The film begins with Ned’s first act of idiocy: he sells drugs to a uniformed police officer. After several months in prison, he returns home to find that his girlfriend Janet (Kathryn Hahn) is living with someone else (T.J. Miller). Even worse, she won’t even let him keep his dog Willie Nelson. Now he must go around living with each of his three sisters: Liz (Emily Mortimer), Miranda (Elizabeth Banks) and Natalie (Zooey Deschanel). In the process he derails their respective personal lives and exposes their flaws as human beings. But in their minds they are not the problem. It is entirely the fault of Ned.
Other characters include the men and women who make up the sisters’ romantic lives. Liz is married to the distant (and possible unfaithful) documentary filmmaker Dylan (Steve Coogan), Miranda is single but may have some interest in her neighbor Jeremy (a criminally underused Adam Scott) and Natalie is a bisexual who is deeply in love with Cindy (Rashida Jones). All of these relationships hit rough patches at one point or another, and all because Ned—in his gleefully stupid way—exposes what they all do behind each others’ backs. He is a man without a deceitful bone in his body, and in a world full of conniving, cheating people who will do whatever they need to in order to keep things “simple,” his honesty (and yes, idiocy) just seems downright freakish.
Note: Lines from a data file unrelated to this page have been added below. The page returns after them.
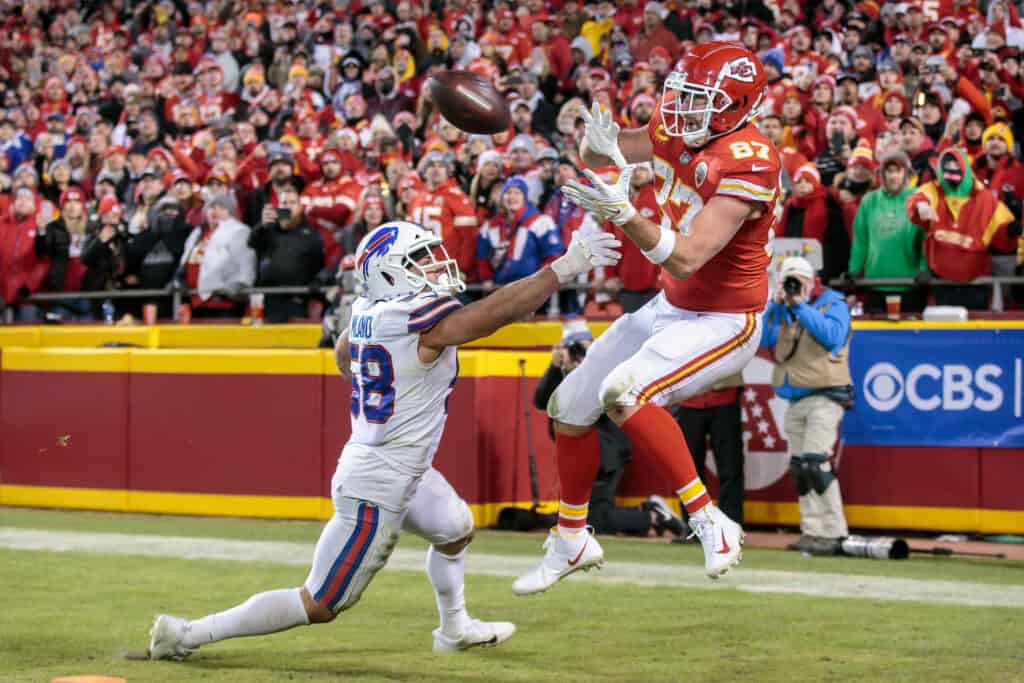 Chiefs vs Bills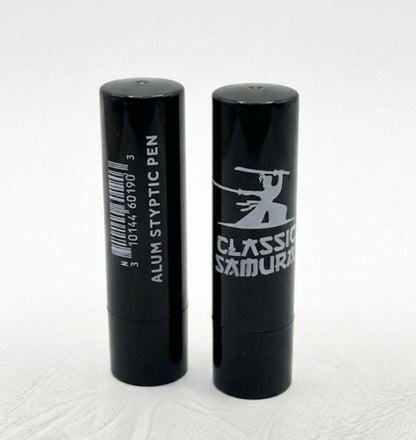 Classic Samurai – Alum Styptic Pen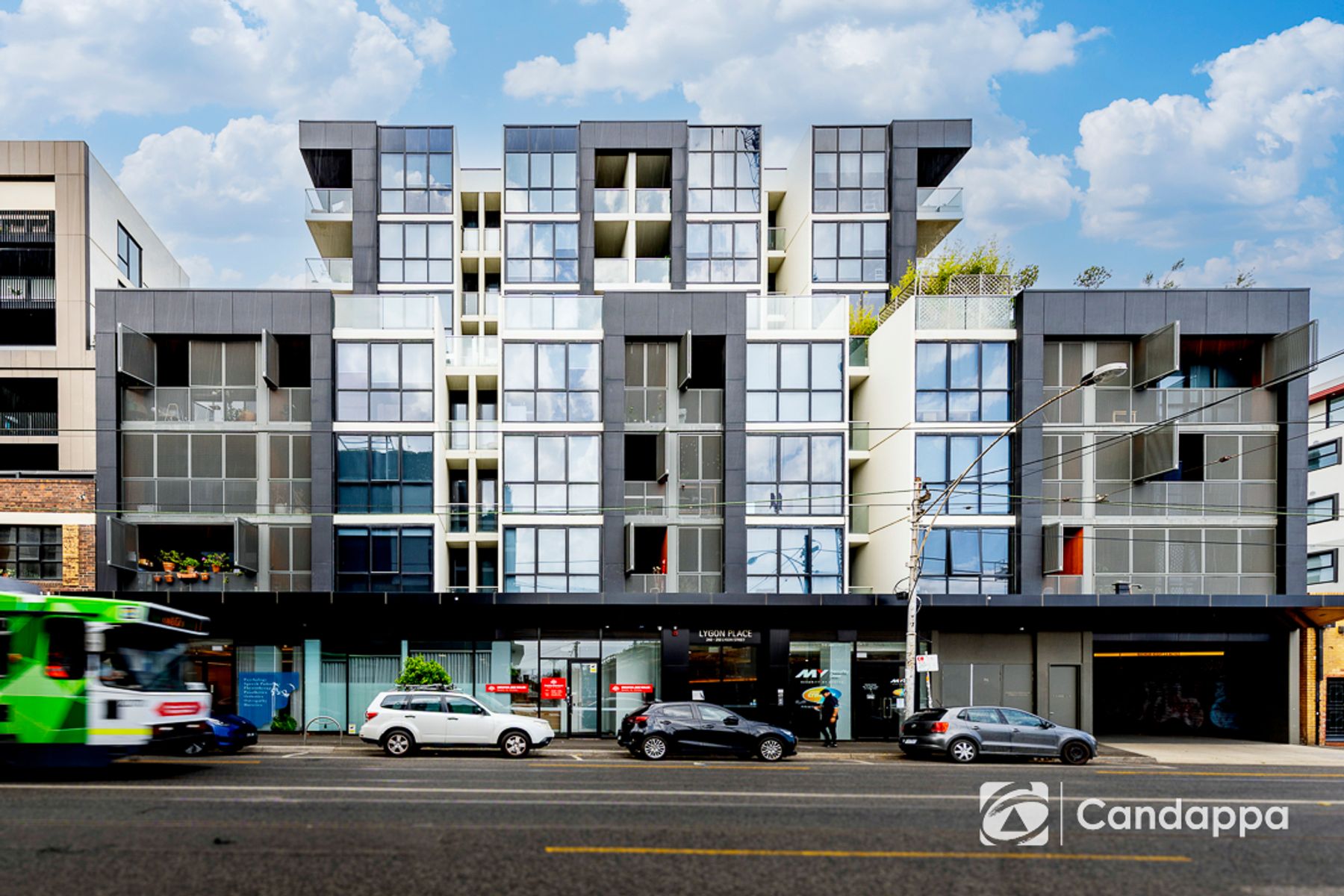 610 240-250 LYGON STREET, BRUNSWICK EAST VIC 3057 - Image 1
Our Idiot Brother is at its best when it simply lets the cast sit around and have fun with each other. Rare is the moment when this film will have you rolling in the aisles with laughter, but watching each character interact with Ned is an absolute treat. Whenever Rudd appears onscreen with his goofy grin, it’s impossible not to smile right back. It’s the moments when the film feels the need to move its plot along that it is far less successful. Director Jesse Peretz (with screenwriters Evgenia Peretz and David Schisgall) seem intent on tying up every single loose string at film’s end as satisfyingly as possible. It’s easy to wonder what could have been if the filmmakers chose a darker route; what if Ned really did cause the complete and irreparable implosion of his sisters’ lives? Would they truly accept him if things didn’t turn out all hunky-dory? It’s a shame Our Idiot Brother eventually decides to coast in for an easy, likely unrealistic ending.
But here’s the upside: throughout the rest of the film Peretz and company were able to make us genuinely care about each character. If things do turn out well, the audience is happy to see it. Few people in this film—besides Ned—are wholly likeable, but we recognize them as characters who just need to see things through a more honest lens. If they were to find a chance at redemption, they will likely come over to Ned’s side. If most people had a brother like Ned who came into their lives and shook things up, they likely would have the same reaction that his sisters do in the film. To them, he’s just a simpleton who doesn’t know when to keep his mouth shut. Our Idiot Brother and Rudd’s performance make another argument: maybe Ned’s not the problem, but the solution.